Only the lines below starting at the one that contains "En eller flere" and ending at the one that contains "A living room with a brown" are to be reproduced, exactly and with both ends kept.

DATASET CONTENT START

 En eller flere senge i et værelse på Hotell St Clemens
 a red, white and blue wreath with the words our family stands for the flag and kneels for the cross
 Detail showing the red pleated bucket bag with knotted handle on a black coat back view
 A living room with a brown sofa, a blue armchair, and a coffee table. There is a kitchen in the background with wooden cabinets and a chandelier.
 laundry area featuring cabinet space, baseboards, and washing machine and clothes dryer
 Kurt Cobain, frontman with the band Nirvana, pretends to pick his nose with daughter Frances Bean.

DATASET CONTENT END
DATASET CONTENT START

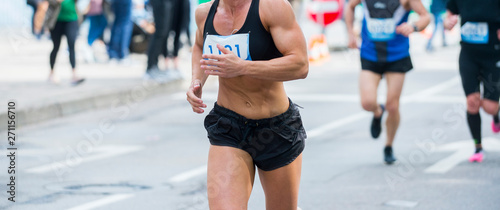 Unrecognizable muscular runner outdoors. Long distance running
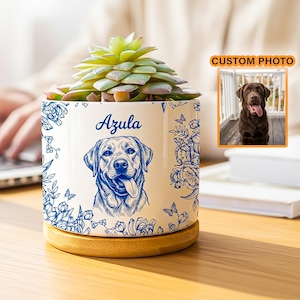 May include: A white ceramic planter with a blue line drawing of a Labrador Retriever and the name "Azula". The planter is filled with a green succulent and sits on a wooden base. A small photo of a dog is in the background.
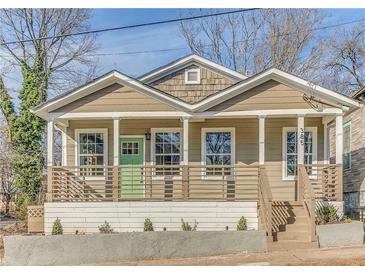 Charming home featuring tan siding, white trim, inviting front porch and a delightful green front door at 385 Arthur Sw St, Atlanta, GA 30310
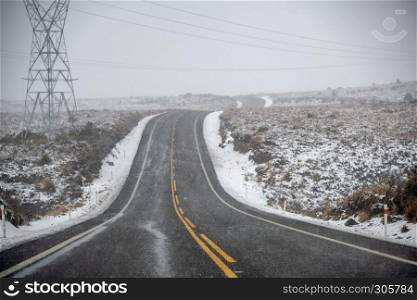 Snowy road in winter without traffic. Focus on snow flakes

DATASET CONTENT END
DATASET CONTENT START

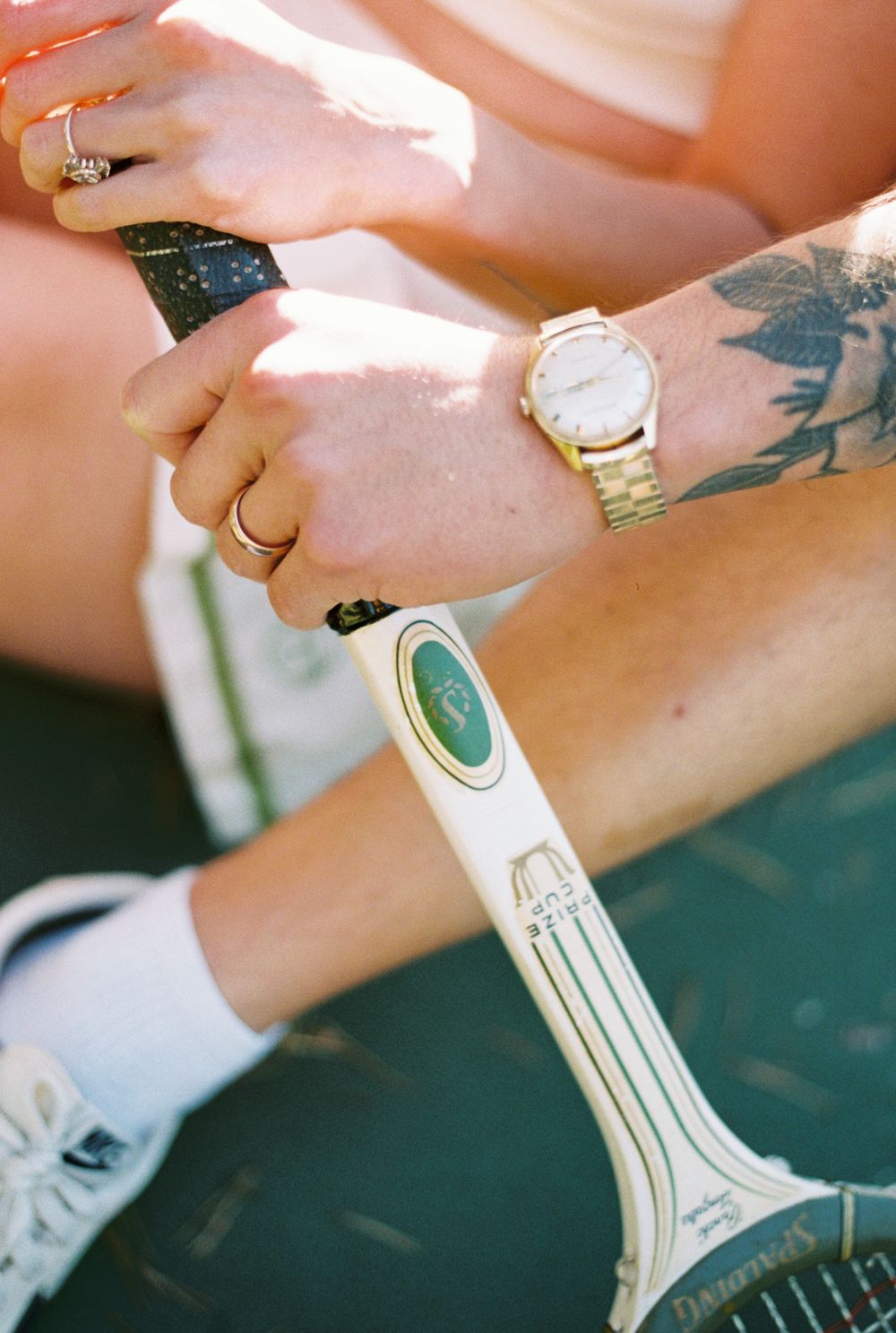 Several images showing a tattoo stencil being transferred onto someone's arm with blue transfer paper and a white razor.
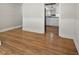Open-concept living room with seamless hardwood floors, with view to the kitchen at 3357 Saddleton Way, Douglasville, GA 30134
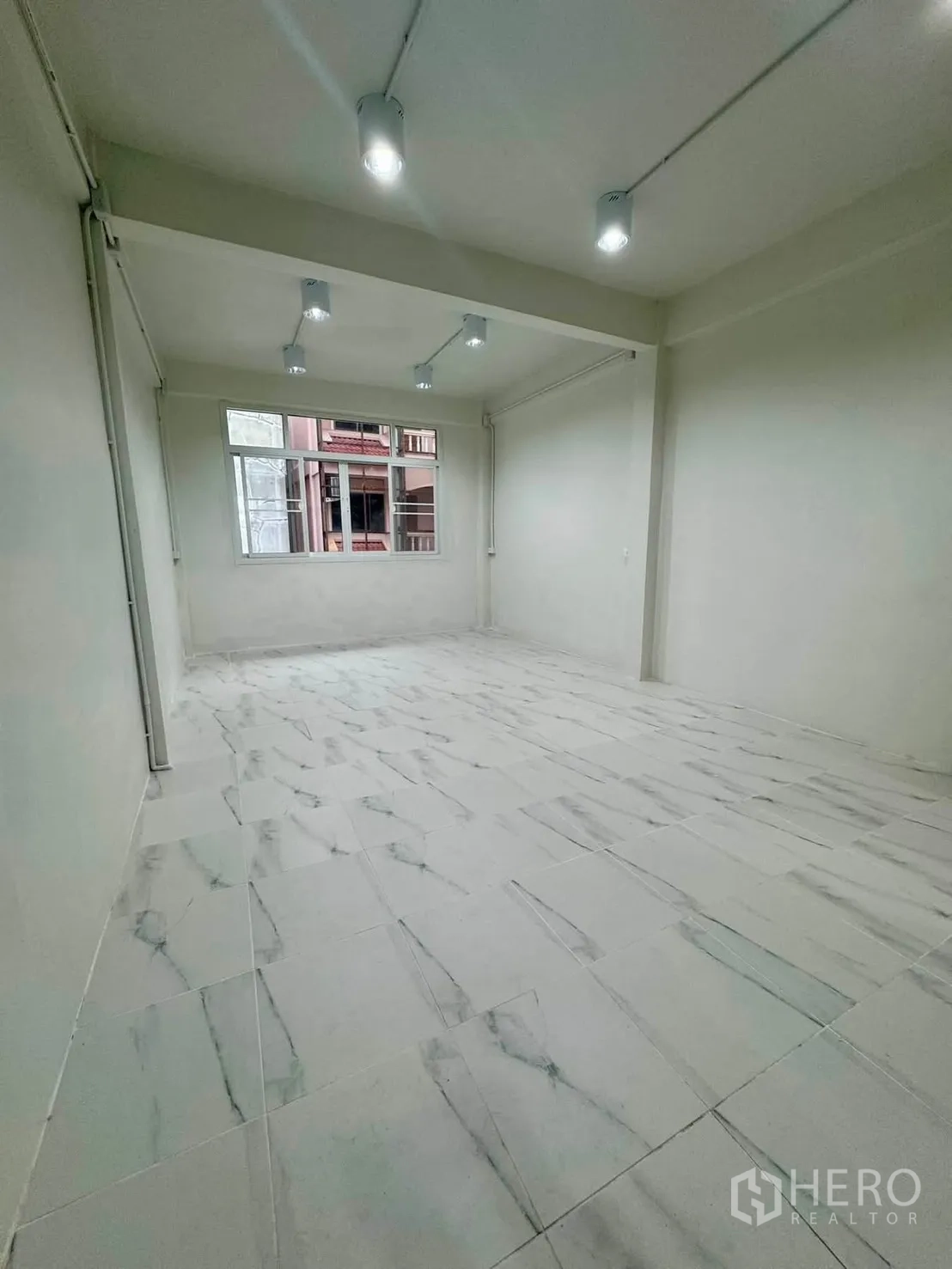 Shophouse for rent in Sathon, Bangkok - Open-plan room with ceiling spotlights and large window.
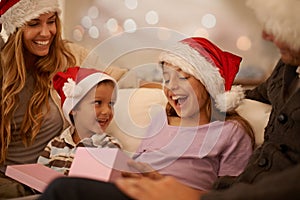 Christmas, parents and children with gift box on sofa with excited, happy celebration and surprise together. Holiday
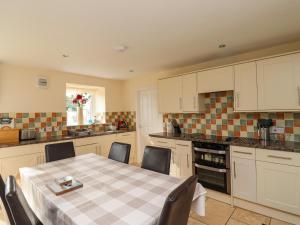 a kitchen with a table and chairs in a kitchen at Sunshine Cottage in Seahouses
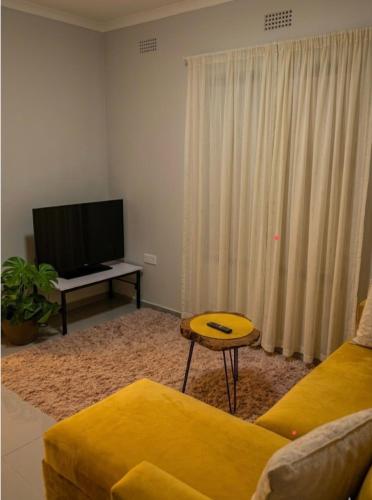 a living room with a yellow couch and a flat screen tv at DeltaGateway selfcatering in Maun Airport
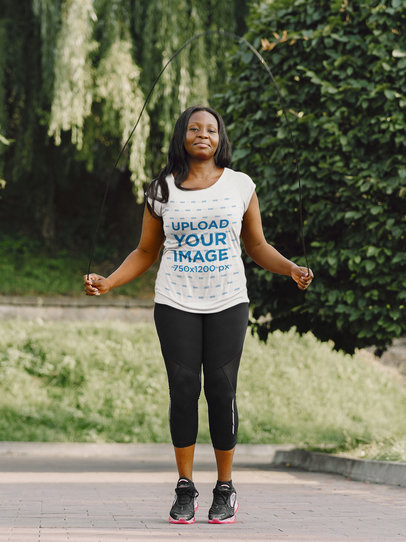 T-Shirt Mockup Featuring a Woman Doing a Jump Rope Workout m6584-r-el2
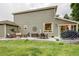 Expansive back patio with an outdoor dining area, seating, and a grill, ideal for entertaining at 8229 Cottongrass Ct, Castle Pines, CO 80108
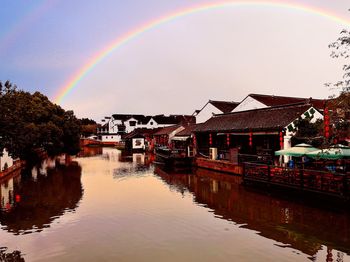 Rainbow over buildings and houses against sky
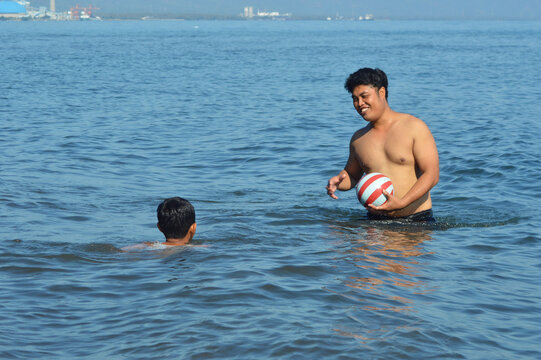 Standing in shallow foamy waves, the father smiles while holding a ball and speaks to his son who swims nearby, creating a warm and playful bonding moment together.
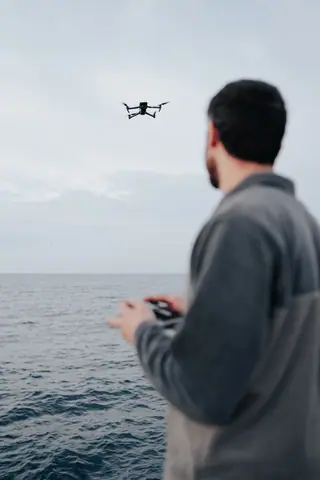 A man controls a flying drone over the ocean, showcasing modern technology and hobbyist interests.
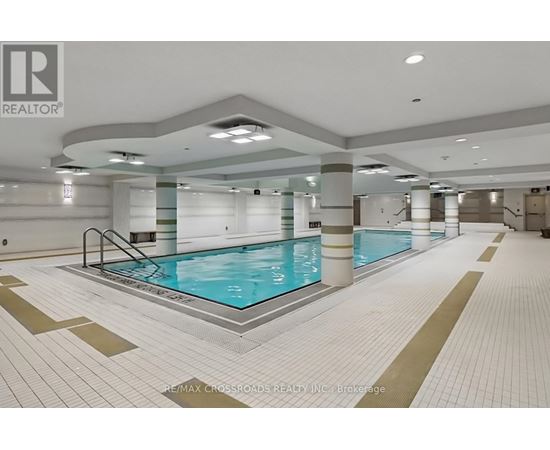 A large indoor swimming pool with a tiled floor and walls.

DATASET CONTENT END

SOLUTION BELOW →
 En eller flere senge i et værelse på Hotell St Clemens
 a red, white and blue wreath with the words our family stands for the flag and kneels for the cross
 Detail showing the red pleated bucket bag with knotted handle on a black coat back view
 A living room with a brown sofa, a blue armchair, and a coffee table. There is a kitchen in the background with wooden cabinets and a chandelier.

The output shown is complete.